# Instructions for the task:
Please write out only the lines from the line with "Herniks Doğal Kedi" to the line with "Japanese Brand Vintage", inclusive, exactly as they stand below, without the pictures.

# Given information:
========================================
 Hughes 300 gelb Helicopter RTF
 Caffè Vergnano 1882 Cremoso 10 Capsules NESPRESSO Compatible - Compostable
========================================
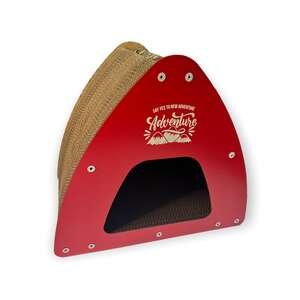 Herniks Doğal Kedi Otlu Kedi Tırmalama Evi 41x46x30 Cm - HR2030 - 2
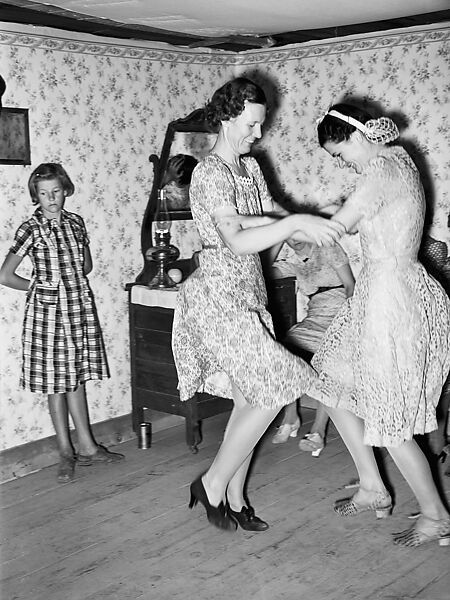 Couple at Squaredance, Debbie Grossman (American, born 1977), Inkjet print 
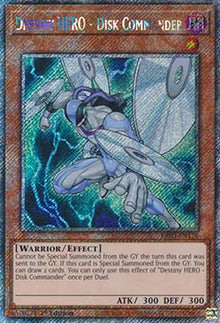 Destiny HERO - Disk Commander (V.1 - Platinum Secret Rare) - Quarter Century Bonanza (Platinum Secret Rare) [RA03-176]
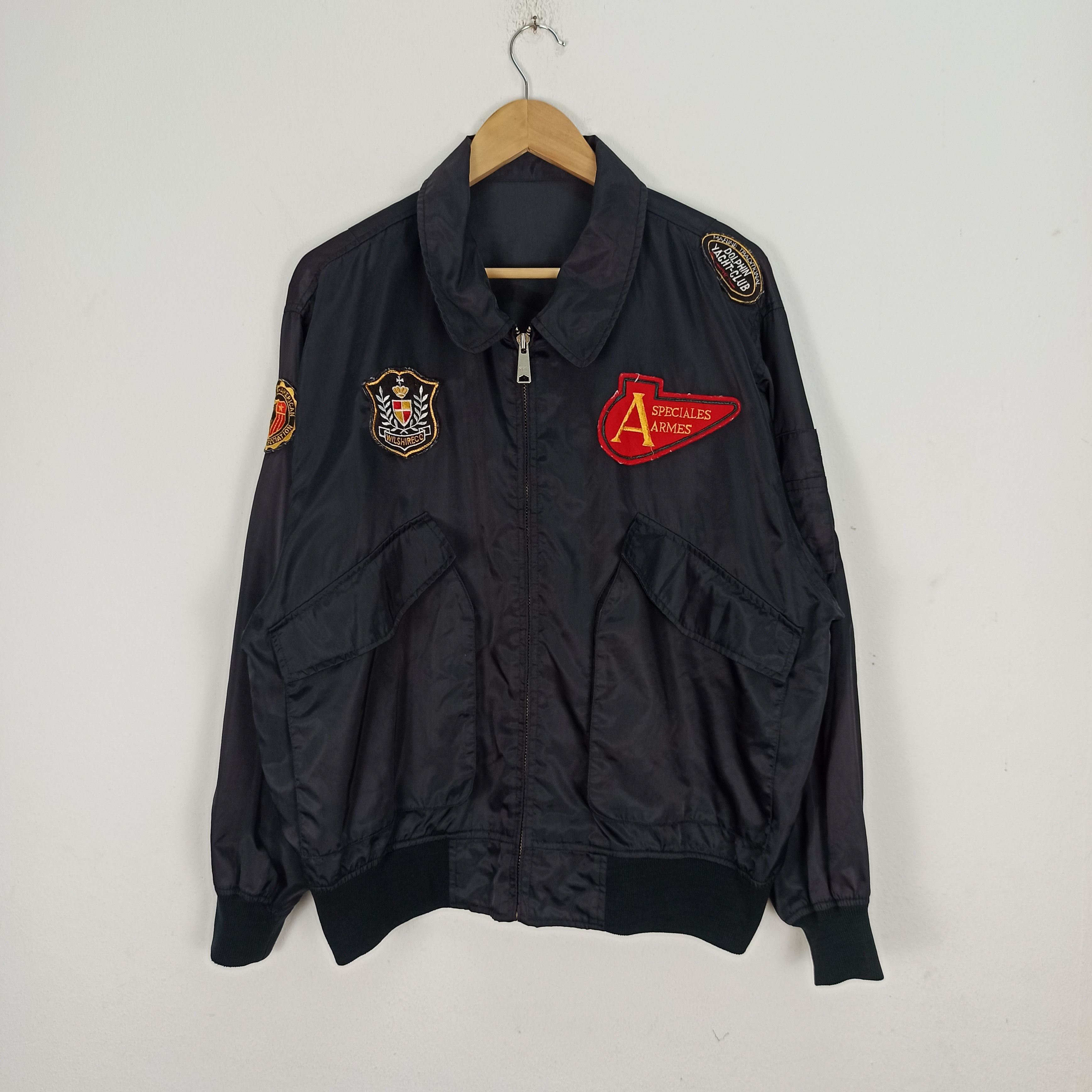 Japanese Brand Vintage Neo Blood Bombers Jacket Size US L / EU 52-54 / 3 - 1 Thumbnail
========================================
# Exercise answer:
 Herniks Doğal Kedi Otlu Kedi Tırmalama Evi 41x46x30 Cm - HR2030 - 2
 Couple at Squaredance, Debbie Grossman (American, born 1977), Inkjet print 
 Destiny HERO - Disk Commander (V.1 - Platinum Secret Rare) - Quarter Century Bonanza (Platinum Secret Rare) [RA03-176]
 Japanese Brand Vintage Neo Blood Bombers Jacket Size US L / EU 52-54 / 3 - 1 Thumbnail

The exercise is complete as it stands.